La Escribana del Reino
M. E. Valbuena
Hay épocas en la vida en que se suceden unos cuantos días planos, de esos que no difieren uno del otro en casi nada y van tiñendo de gris su transcurrir. Las horas se colocan unas tras otras, ordenadas en implacable rutina que no admite distinciones. Sabemos lo que va a pasar, porque no pasa nada que no sea previsible. Ajustamos el horario perfectamente y perfectamente también se cumple.
No son días malos ni evitables. Tampoco es que sean días tristes o nostálgicos. Simplemente son días planos.

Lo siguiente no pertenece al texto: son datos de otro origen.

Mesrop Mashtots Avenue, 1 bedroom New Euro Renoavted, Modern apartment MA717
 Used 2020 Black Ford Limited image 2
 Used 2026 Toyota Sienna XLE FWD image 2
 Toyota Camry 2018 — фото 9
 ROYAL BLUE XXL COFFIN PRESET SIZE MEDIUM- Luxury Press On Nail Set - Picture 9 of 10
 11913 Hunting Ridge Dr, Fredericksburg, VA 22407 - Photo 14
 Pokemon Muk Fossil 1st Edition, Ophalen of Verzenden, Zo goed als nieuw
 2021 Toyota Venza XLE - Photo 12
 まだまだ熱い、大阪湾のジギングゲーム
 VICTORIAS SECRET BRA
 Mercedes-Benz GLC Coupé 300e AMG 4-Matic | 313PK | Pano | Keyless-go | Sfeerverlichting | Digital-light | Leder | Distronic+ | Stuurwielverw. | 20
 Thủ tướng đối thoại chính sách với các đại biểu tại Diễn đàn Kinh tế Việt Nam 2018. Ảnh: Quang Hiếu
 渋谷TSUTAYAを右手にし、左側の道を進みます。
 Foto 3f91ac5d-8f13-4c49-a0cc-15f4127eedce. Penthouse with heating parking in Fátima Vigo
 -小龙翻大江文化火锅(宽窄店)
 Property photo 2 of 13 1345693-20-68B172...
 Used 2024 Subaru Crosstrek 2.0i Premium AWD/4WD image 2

Es entonces donde debemos concentrarnos para descubrir lo que hace distinto uno del otro, porque eso hará que no pasen tan a la ligera.
Necesitamos agudizar el oído para escuchar ese trino que no estaba ayer en nuestro camino mañanero; perfilar la vista para apreciar los pequeños brotes de los matorrales o el trocito de nieve que se niega a desaparecer en el lado sombrío del parque; tocar el frío del hierro o el calor de la piel; sentir la suavidad de los latidos o la aspereza de las despedidas; probar lo amargo y lo dulce del mismo chocolate.
Y, sobre todo, necesitamos ese contacto humano en forma de abrazo, de mirada cómplice, de sonrisa en los pasillos, de brillo en la expresión… que tantas veces tenemos y otras tantas echamos en falta.
Seguro que, haciendo este esfuerzo y concentrándonos en los pequeños detalles, descubrimos ese matiz diferenciador que todo día trae consigo. Y seguro que, descubriéndolo, abandonamos la sensación opaca de los días planos y redescubrimos el alma de la realidad, el verdadero devenir de nuestra pequeña historia.